Accusant le Labour d'offrir "l'amnistie" à l'immigration clandestine, il a toutefois concédé que les vols pour expulser des migrants vers le Rwanda, mesure phare de sa politique en matière d'immigration, ne décolleraient qu'après le scrutin, s'il est réélu.
Preuve, aux yeux de Keir Starmer, que Rishi Sunak lui-même "n'a jamais cru" dans ce projet controversé que le Labour promet d'abandonner.
Sur les terres traditionnellement conservatrices du sud-est de l'Angleterre, le travailliste a lui aussi repris son refrain, étrillant les conservateurs qui ont passé "14 ans à tourner en rond pour aller absolument nulle part". Et résumé ainsi le choix qui se pose: "la poursuite du déclin et du chaos" avec les conservateurs ou la "reconstruction du pays" avec le Labour.
- Préparation de longue date -
La plupart des journaux mettent en exergue le pari que représente ce scrutin, qui pour la première fois depuis 1945 - où le travailliste Clement Atlee l'avait emporté face à Winston Churchill - se tiendra en juillet.
La tâche s'annonce titanesque pour Rishi Sunak, qui n'est pas parvenu à redresser la barre depuis qu'il est entré en octobre 2022 au 10, Downing Street après les scandales de l'ère Boris Johnson et la quasi-crise financière qui a marqué les 49 jours au pouvoir de Liz Truss.
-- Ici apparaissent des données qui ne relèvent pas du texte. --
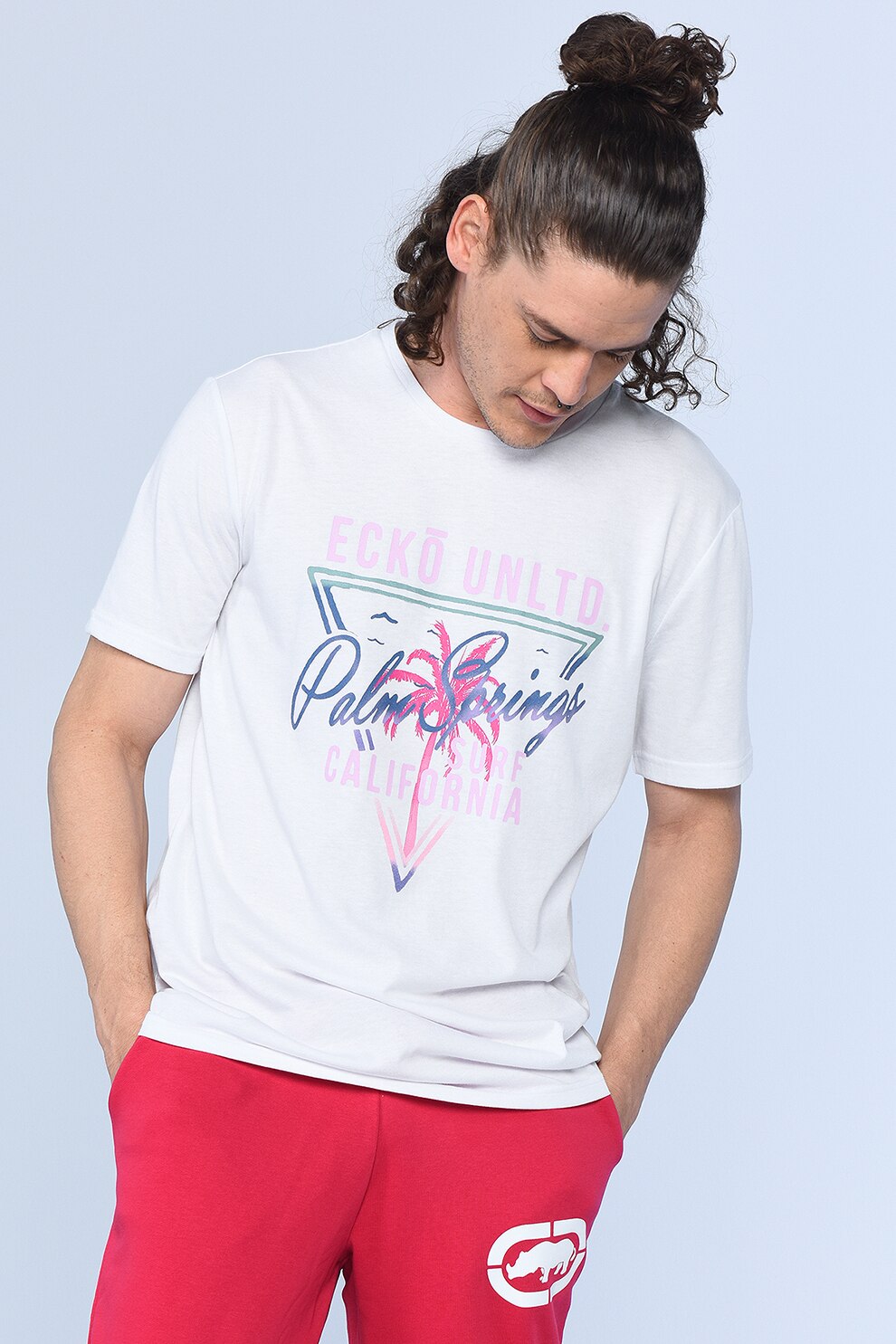 Ecko, Tricou regular fit cu imprimeu frontal Surf, Alb/Roz/Albastru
Les sondages donnent le Labour autour de 45% des intentions de vote contre moins de 25% pour les Tories, semblant promettre les rênes du pays à Keir Starmer, ancien avocat et directeur du parquet de 61 ans, qui depuis la débâcle électorale de 2019 a reconstruit et ramené son parti vers le centre gauche.
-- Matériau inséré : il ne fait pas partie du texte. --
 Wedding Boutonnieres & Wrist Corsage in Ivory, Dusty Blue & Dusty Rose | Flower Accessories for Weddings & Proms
Après la succession des gouvernements conservateurs sous cinq Premiers ministres marquée par le Brexit, les Britanniques semblent pourtant décidés à tourner la page, épuisés par la baisse du pouvoir d'achat des deux dernières années, le déclin des services publics - surtout du système de santé, à bout de souffle -, la hausse des taux d'intérêt ou encore la crise du logement.
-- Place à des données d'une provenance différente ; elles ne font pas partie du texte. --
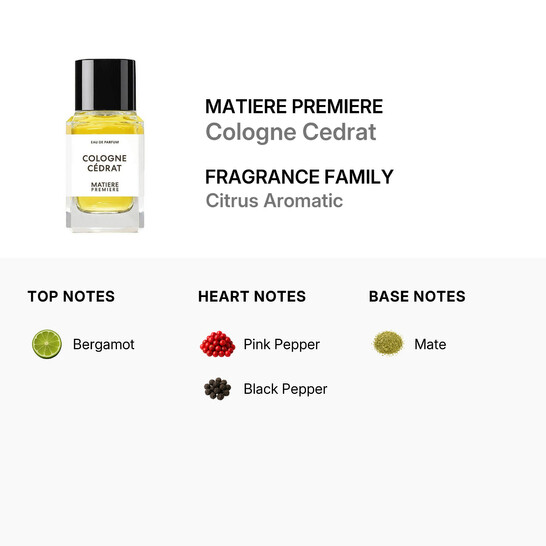Matiere Premiere Unisex Cologne Cedrat EDP Spray 3.4 oz Fragrances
Mais "dans toute démocratie", rien n'est jamais fait "jusqu'au décompte des voix", relève Tony Travers, professeur à la London School of Economics, l'électorat peut tourner "très vite". "Mais pour l'heure, on dirait qu'on aura un changement de gouvernement le 4 juillet."
Les études d'opinion ne traduisent pas non plus un enthousiasme massif pour le Labour. Citant le "cliché" en politique britannique selon lequel "l'opposition ne gagne pas les élections, le gouvernement les perd", le politologue souligne que les travaillistes s'efforcent de se présenter comme "éligibles", espérant que les "échecs" des conservateurs "suffiront" à les faire perdre.
Les Tories se trouvent aussi sous la menace du parti nationaliste et populiste Reform UK qui, crédité de 10% d'intentions de vote, risque de priver les Tories de sièges clés. Ils présenteront des candidats dans 630 des 650 circonscriptions que compte le pays.
Mais la formation ne pourra pas bénéficier de la notoriété de son président honoraire, Nigel Farage, champion du Brexit, qui a annoncé qu'il ne briguerait pas de siège, lui qui a été candidat malheureux à sept reprises à Westminster mais a été élu au Parlement européen de 1999 à 2020.